Die Fahrt der Al Imran führt Ibrahims Männer in gutes Wetter, sanfte See, 30-mal werfen sie das Netz aus, 30-mal holen sie es wieder ein. Die Besatzung besteht im Kern aus Männern, die sich seit Jahren kennen. Der stille Chefmechaniker Bakijm, mit 40 einer der Ältesten. Saleh, 30, der Schiffskoch, der seine Witze mindestens so scharf würzt wie das Essen. Yunis, 27, der den ganzen Tag mit Handschuhen und Stiefeln im Kühllager steht. Der Jüngste, Tahir, 25, hat sich vor der Abfahrt gerade verlobt. Er ist beim Einholen des Netzes der Schnellste. Jeder der elf hat seine Aufgabe, etwas, in dem er sich vor allen anderen auszeichnet. Nur Mohamad nicht, der Älteste, er ist schon 60 und der Einzige, der lesen und schreiben kann; dies ist seine erste Fahrt. »Der ist keine große Hilfe«, sagt Ibrahim. »Seine Familie ist arm. Ich hab ihn aus Mitleid mitgenommen.« Nach vier Wochen hat die Al Imran 18 Tonnen Fisch gebunkert, so viel, wie das Lager aufnehmen kann, sie sind bereits auf dem Rückweg. In sechs Tagen, rechnet Ibrahim, werden sie, bei günstigem Wetter, wieder in der Heimat sein.

Der Koch Saleh entdeckt die Piraten als Erster.

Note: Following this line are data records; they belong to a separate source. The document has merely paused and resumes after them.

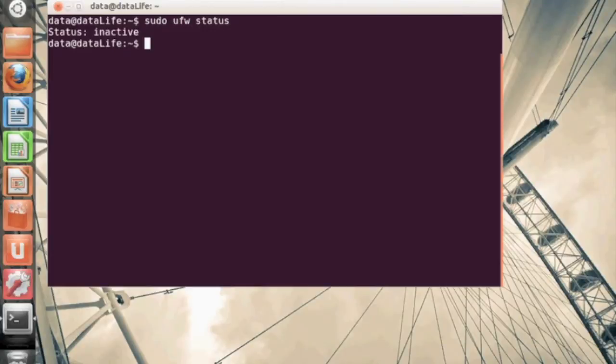Let's first check the status of our firewall. We can do this on the command line by typing sudo ufw status. By default, it is inactive.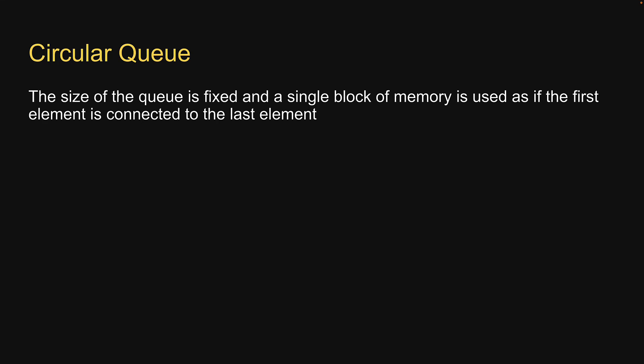The size of the queue is fixed and a single block of memory is used as if the first element is connected to the last element.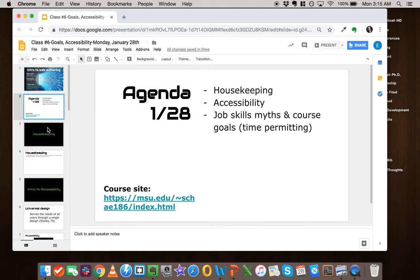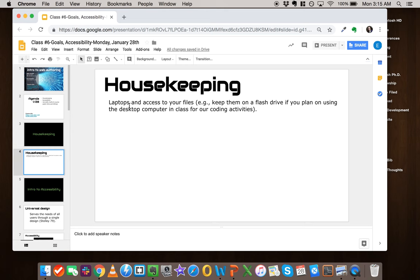...where you'll have to pause and do certain tasks. So first thing on the agenda is just housekeeping - a general thing to keep in mind as we go forward in class.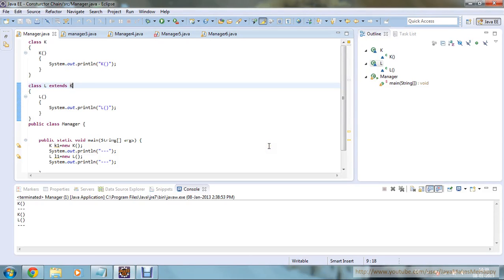Hello guys, this is Shirodip once again and you are watching the Kojava tutorial series. In this tutorial, we are going to learn about constructor chaining by using the super keyword.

Ibrahim schläft in der Kapitänskajüte, der Rest der Mannschaft sitzt unter Deck. Das Kielwasser eines Motorbootes spritzt am Horizont auf, es hält direkt auf die Al Imran zu. Einer der Fischer, Hanif, der später nie wieder richtig laufen können wird, rennt ins Führerhaus, schaltet die Maschine auf Vollgas, acht Meilen die Stunde schafft sie, nicht genug. Keine fünf Minuten dauert die Jagd, dann stellt Ibrahim den Motor ab. Zum ersten Mal sieht er jetzt Ali Jacket, Vollbart, Glatze, untersetzt, Poloshirt, als einziger Pirat ist er unbewaffnet.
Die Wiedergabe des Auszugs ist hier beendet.